Le coincidenze non esistono, esistono i segnali: questo mi ha insegnato “La Profezia di Celestino” (quando avevo circa 22 anni). Da allora non fui più la stessa, divenni in tutto e per tutto una cacciatrice di segnali.
Non è un bel vivere, ve lo garantisco. Tutto quello che accade ha un significato ben più profondo di quello che in superficie si è in grado di scorgere. La vita è un intricato miscuglio di presenze misteriose, apparizioni significative e codici da decifrare. Neppure le ore ti dicono il vero, lo scorrere del tempo è un muoversi di dimensione parallela in dimensione parallela fino a perdere il senso di tutto. Un vero inferno.
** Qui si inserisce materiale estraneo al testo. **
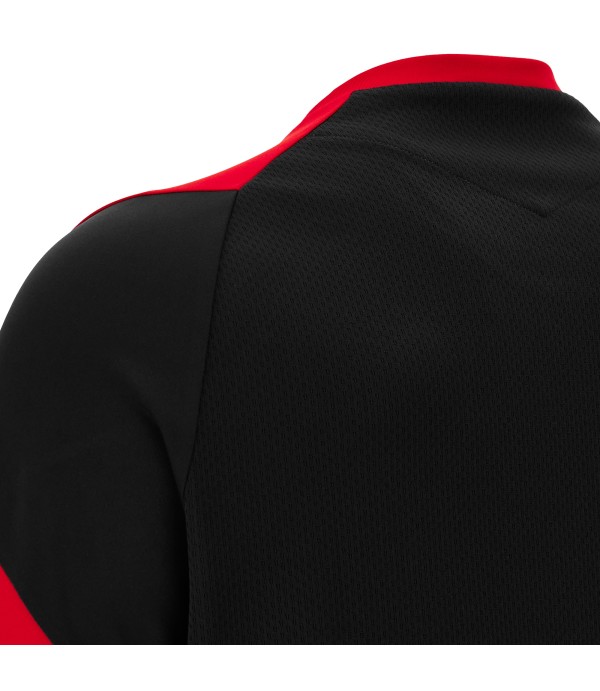 GOLEM SHIRT SS BLK/RED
Vero, ma non del tutto. Ci sono segnali che son lì apposta per te. Non stanno aspettando nessun altro. Vogliono aiutarti a capire qualcosa. Se fai finta di niente peggio per te.
Ecco, questo peggio-per-te mi è più insopportabile del pensiero della morte, perché significa che me la sono voluta io. Ora: cosa sarà mai una vita trascorsa a elucubrare sui massimi sistemi al confronto di un maledetto peggio-per-te che ti si può palesare in qualsiasi istante per qualsivoglia motivo con violenza incontrollabile e mai davvero indolore? Nulla.
Quindi sto attenta. Sto attenta a quello che mi capita, a quello che mi tocca, a quello che mi circonda, a quello che sembra uno stramaledetto caso ma… potrebbe non esserlo. Anzi: sono sicura che non lo è. E nove volte su dieci, udite udite, è proprio così. D’altro canto non è che con un’indole del genere e un tardo-imprinting di ‘sto calibro potevo diventare altro se non una che viaggia con le storie h24/7, eh!
Però. Però li trovo davvero i segnali. Però non solo li trovo davvero, ma poi significano davvero qualcosa. E ammetto che una certa soddisfazione ce l’ho, e che in questo inferno di ricerca e lavorio sinaptico mi ci diverto un sacco.
Evviva Celestino, evviva la Profezia!